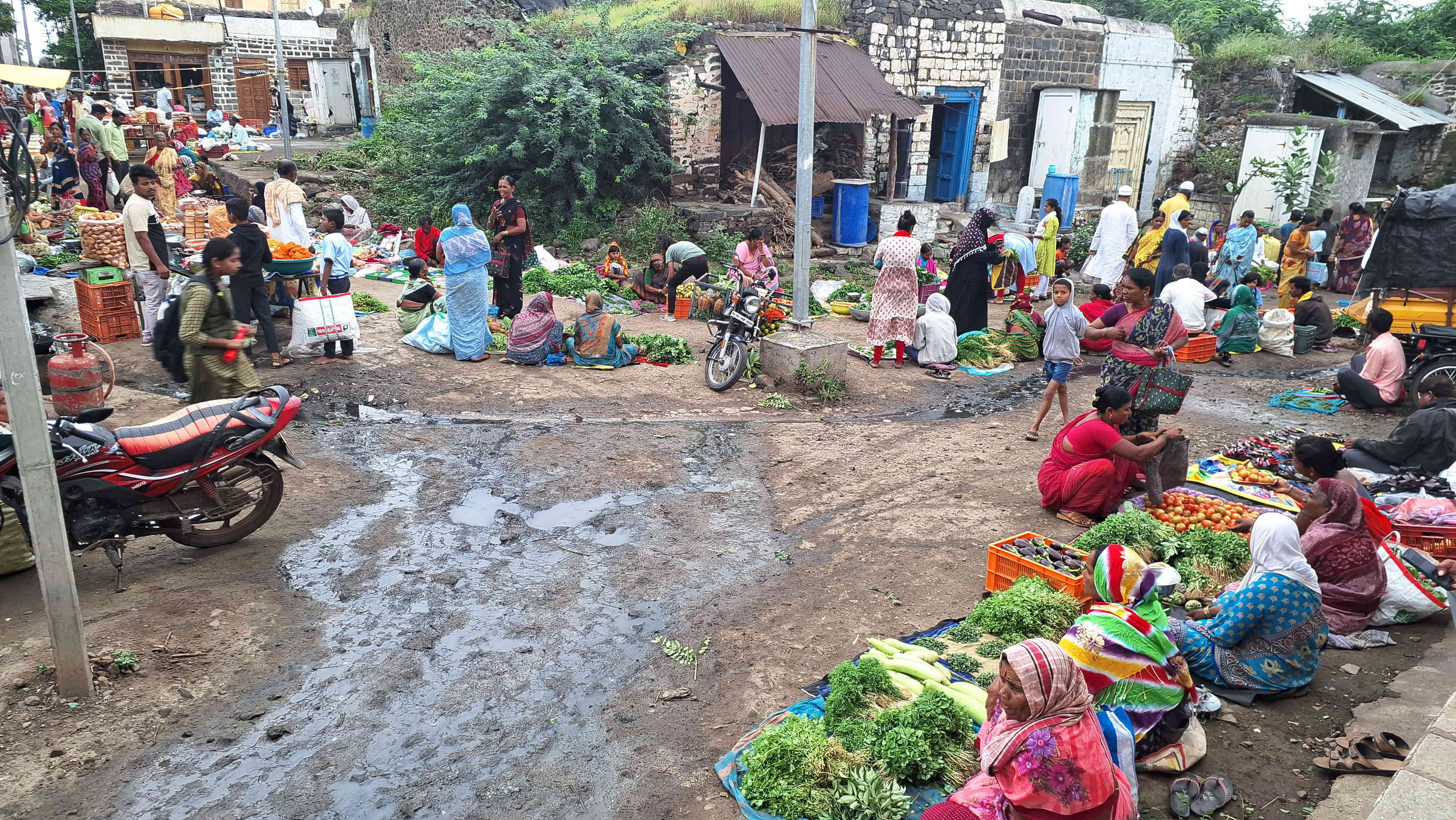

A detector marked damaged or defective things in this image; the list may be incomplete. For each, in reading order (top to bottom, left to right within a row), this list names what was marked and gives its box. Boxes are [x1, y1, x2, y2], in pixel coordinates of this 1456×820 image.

rusted tin shed roof [713, 33, 920, 126]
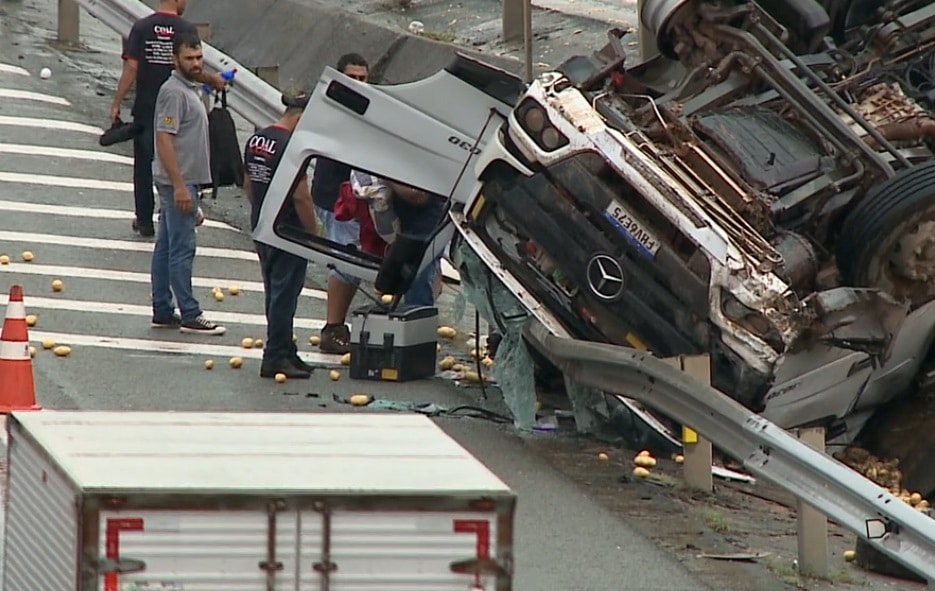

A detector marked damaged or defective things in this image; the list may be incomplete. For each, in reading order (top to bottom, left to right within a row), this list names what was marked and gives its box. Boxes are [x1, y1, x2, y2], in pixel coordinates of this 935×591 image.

overturned truck [256, 0, 935, 544]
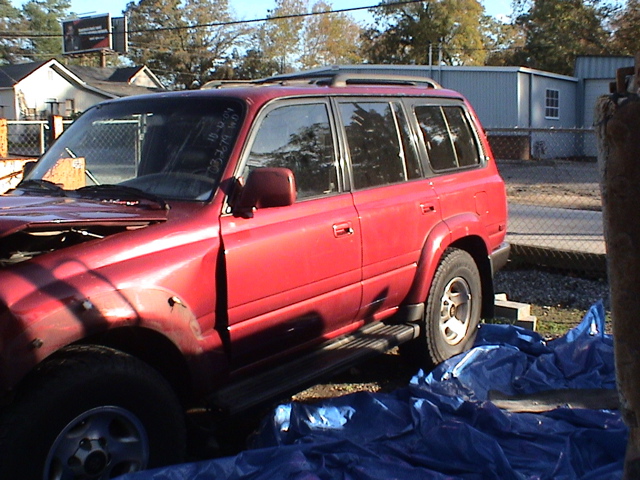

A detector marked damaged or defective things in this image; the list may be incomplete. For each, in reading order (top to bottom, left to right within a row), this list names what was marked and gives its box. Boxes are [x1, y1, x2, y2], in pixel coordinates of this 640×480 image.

damaged red suv [0, 72, 508, 480]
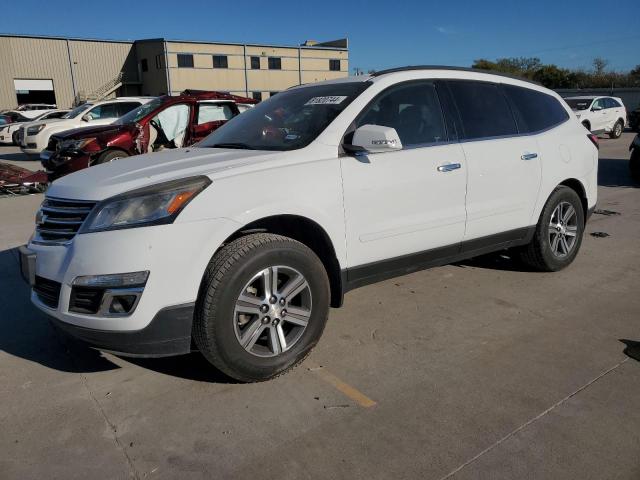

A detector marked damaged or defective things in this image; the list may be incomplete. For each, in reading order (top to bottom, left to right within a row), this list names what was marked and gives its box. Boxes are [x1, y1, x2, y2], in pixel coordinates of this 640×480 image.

damaged red vehicle [0, 163, 47, 195]
damaged red vehicle [40, 90, 258, 180]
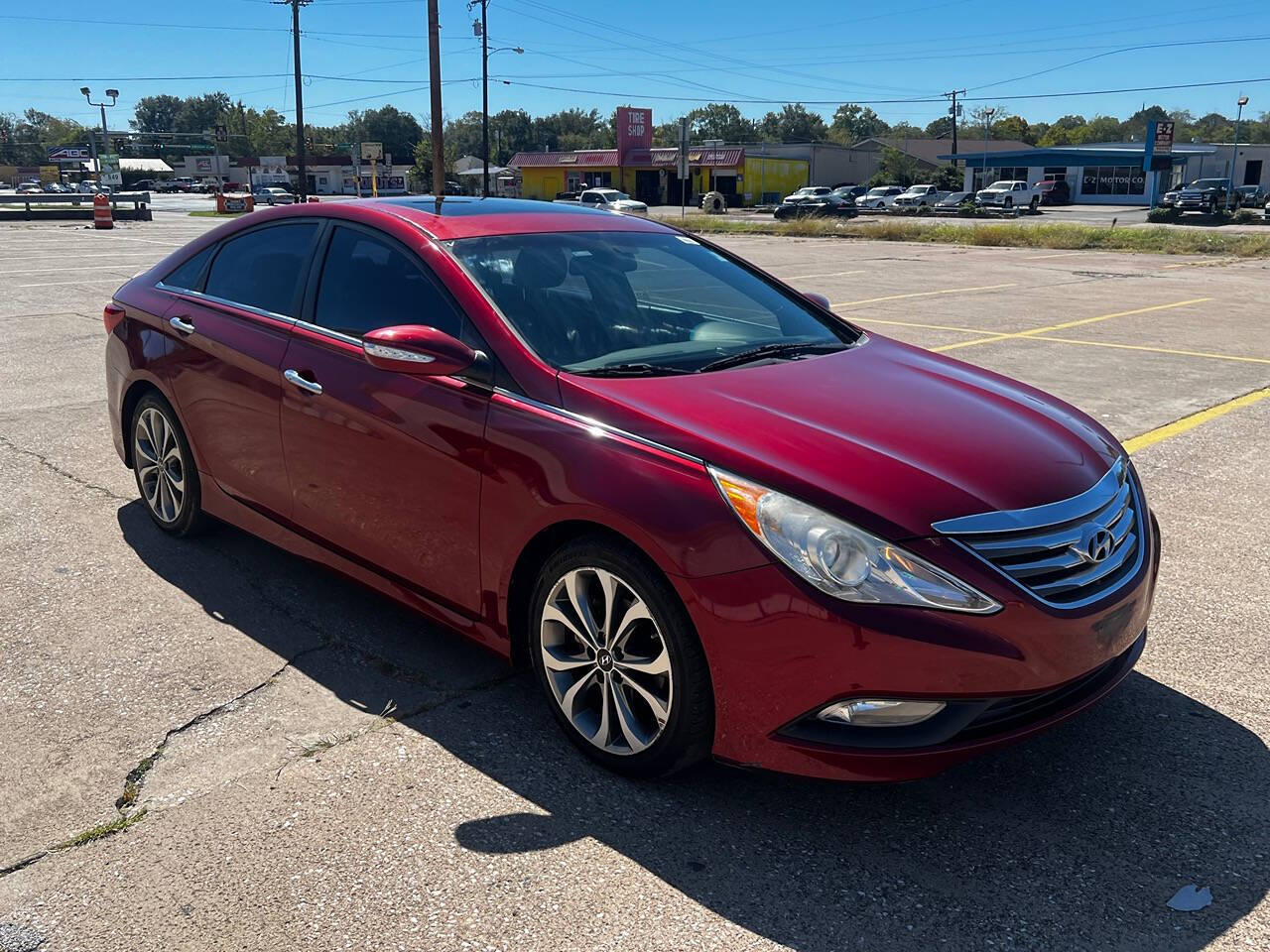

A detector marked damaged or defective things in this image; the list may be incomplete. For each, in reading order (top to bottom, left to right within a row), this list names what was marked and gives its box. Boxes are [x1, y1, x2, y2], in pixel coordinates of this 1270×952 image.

cracked asphalt [0, 219, 1262, 948]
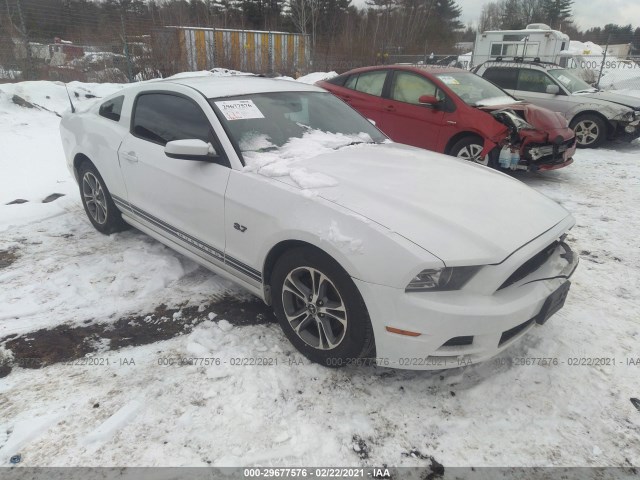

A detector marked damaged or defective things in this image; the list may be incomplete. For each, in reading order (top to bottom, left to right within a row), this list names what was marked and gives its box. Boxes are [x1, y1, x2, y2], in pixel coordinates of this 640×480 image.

damaged red sedan [318, 64, 576, 172]
crumpled front end [482, 103, 576, 172]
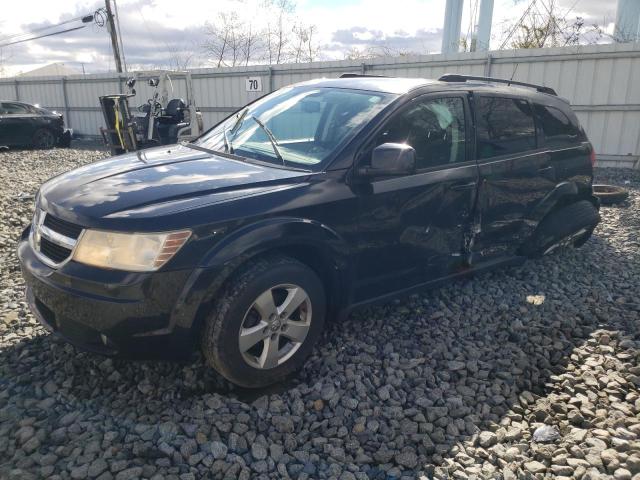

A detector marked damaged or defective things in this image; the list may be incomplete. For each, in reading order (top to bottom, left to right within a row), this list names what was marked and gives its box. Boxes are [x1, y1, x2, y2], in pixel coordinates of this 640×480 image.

damaged rear door [352, 92, 478, 302]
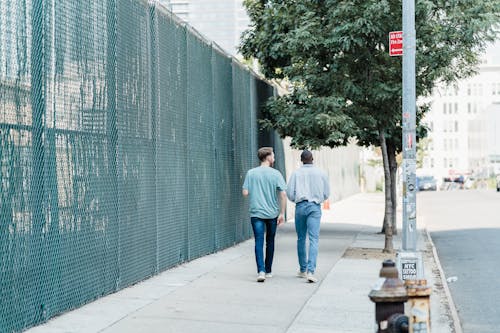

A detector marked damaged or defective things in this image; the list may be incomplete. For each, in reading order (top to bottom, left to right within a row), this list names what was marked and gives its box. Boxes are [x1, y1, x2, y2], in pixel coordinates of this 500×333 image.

rusty metal post [404, 278, 432, 330]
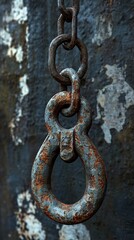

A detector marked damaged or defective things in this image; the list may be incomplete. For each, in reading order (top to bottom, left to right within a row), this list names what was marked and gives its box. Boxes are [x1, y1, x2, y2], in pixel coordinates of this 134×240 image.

peeling paint [2, 0, 27, 24]
peeling paint [91, 15, 112, 47]
rusty chain link [31, 0, 107, 225]
peeling paint [96, 63, 134, 143]
corroded metal [31, 92, 107, 225]
peeling paint [15, 190, 45, 239]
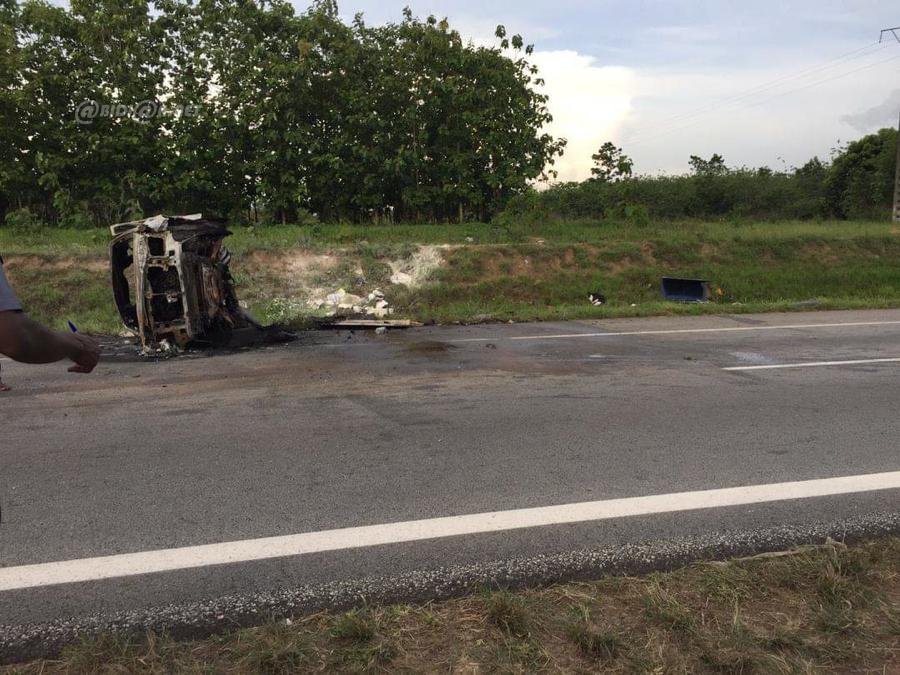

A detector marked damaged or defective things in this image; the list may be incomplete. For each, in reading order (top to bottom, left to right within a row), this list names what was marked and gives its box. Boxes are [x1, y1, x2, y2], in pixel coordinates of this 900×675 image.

burnt car wreck [108, 215, 292, 354]
overturned burnt vehicle [109, 215, 292, 354]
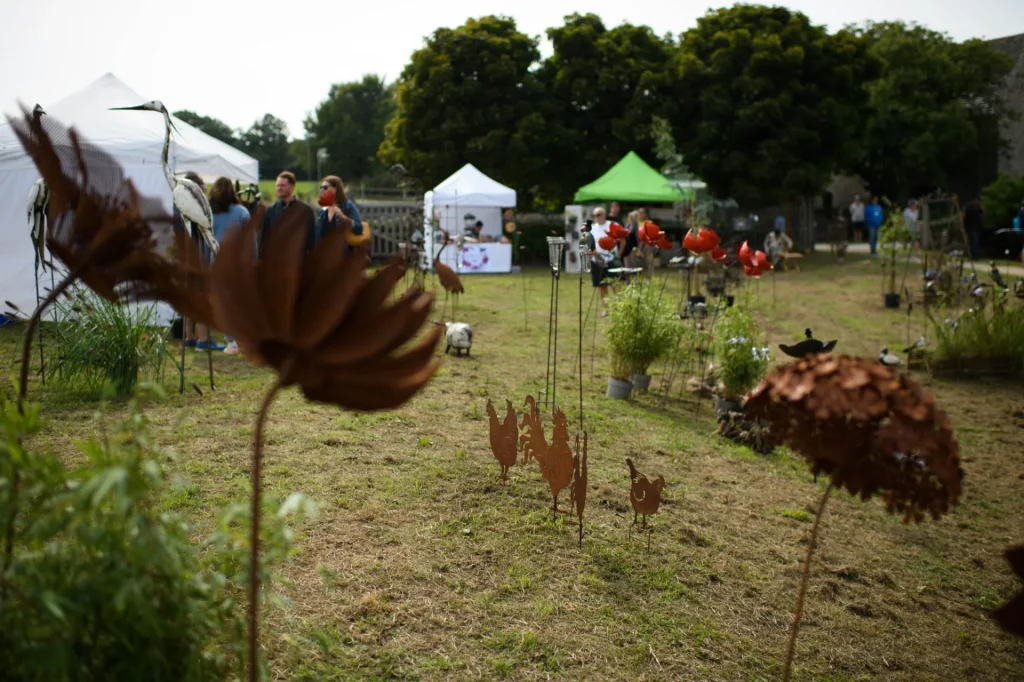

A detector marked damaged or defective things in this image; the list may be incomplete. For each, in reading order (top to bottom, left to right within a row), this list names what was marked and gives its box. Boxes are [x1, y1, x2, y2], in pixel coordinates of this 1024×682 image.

rusty hydrangea sculpture [209, 210, 442, 675]
rusty metal sculpture display [487, 395, 520, 481]
rusty metal sculpture display [626, 456, 667, 548]
rusty hydrangea sculpture [745, 352, 958, 675]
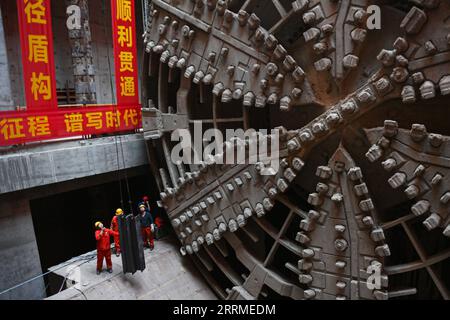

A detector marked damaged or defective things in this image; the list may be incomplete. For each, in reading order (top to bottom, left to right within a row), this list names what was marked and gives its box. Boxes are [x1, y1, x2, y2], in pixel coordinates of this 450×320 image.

rusty steel surface [141, 0, 450, 300]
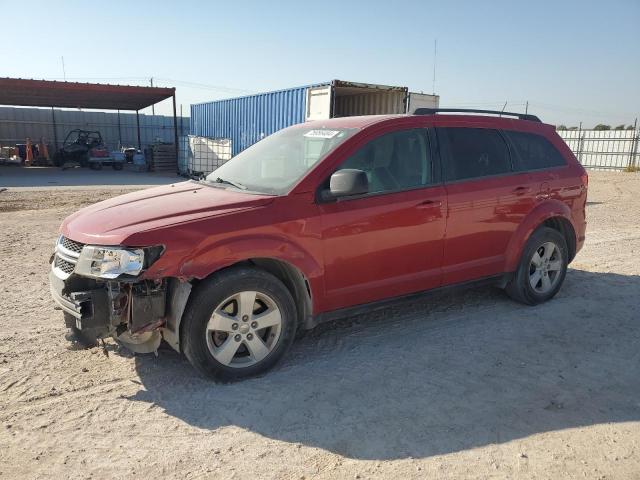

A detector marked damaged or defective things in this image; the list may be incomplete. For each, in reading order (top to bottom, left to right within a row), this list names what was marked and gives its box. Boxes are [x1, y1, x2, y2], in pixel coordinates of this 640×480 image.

crumpled hood [62, 182, 276, 246]
exposed headlight area [52, 236, 164, 282]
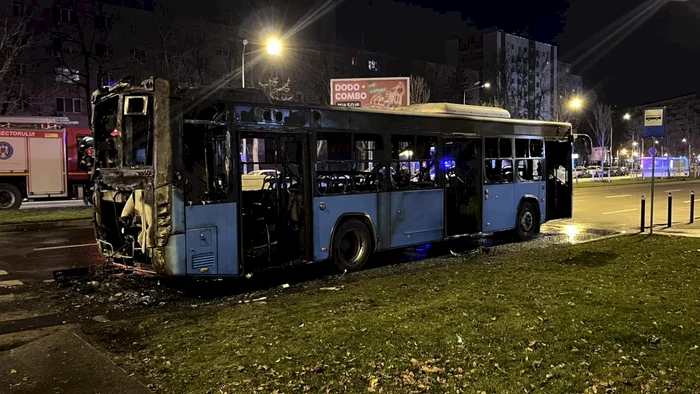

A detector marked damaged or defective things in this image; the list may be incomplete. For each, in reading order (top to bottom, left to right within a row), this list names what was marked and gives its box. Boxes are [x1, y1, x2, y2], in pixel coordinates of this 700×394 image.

burned bus [90, 77, 572, 278]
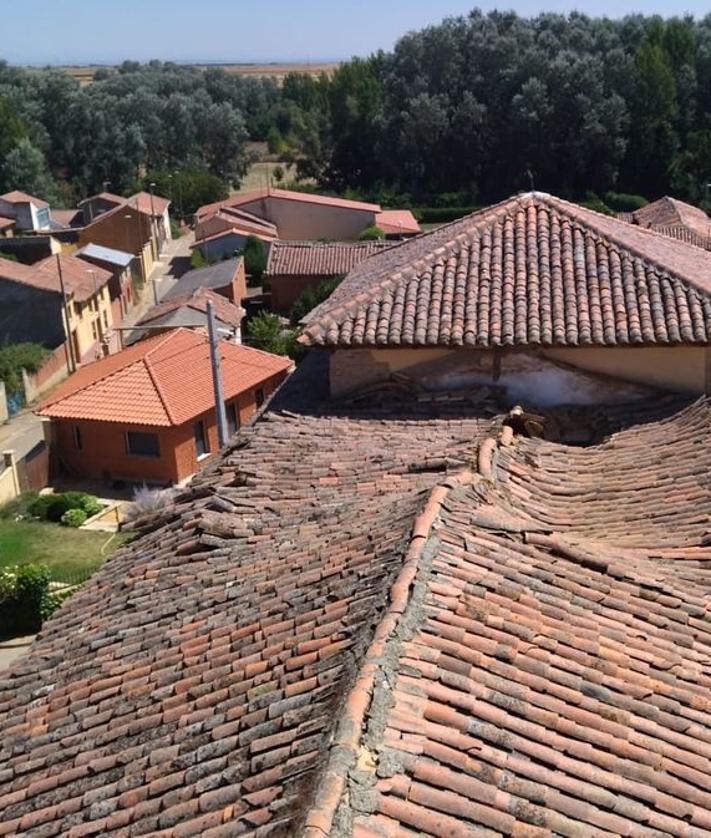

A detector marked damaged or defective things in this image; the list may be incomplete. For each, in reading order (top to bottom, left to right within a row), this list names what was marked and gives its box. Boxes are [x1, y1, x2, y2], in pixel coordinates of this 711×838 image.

damaged roof [302, 192, 711, 350]
damaged roof [1, 370, 711, 838]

┄┄┄┄┄┄

ACTIVITY:
Repeat, exactly as they stand, the line that contains "this 711×838 image." and all the lines after it in the data above.

EXERCISE ANSWER:
A detector marked damaged or defective things in this image; the list may be incomplete. For each, in reading order (top to bottom, left to right within a row), this list names what was marked and gives its box. Boxes are [x1, y1, x2, y2], in pixel coordinates of this 711×838 image.

damaged roof [302, 192, 711, 350]
damaged roof [1, 370, 711, 838]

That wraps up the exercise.